Given material
• • • • • • •
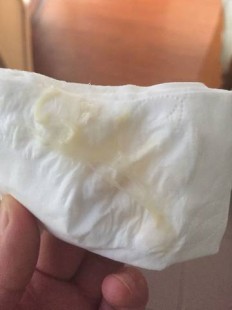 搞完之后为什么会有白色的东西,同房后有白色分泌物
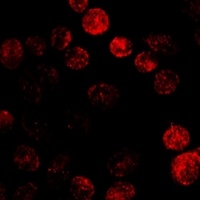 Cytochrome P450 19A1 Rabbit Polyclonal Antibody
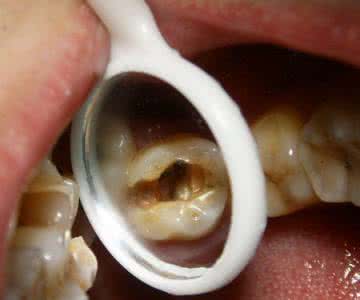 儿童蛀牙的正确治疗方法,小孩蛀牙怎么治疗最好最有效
• • • • • • •
Exercise objective
Nothing but the pictures should be left out when the listing is repeated exactly.

Answer to the exercise
 搞完之后为什么会有白色的东西,同房后有白色分泌物
 Cytochrome P450 19A1 Rabbit Polyclonal Antibody
 儿童蛀牙的正确治疗方法,小孩蛀牙怎么治疗最好最有效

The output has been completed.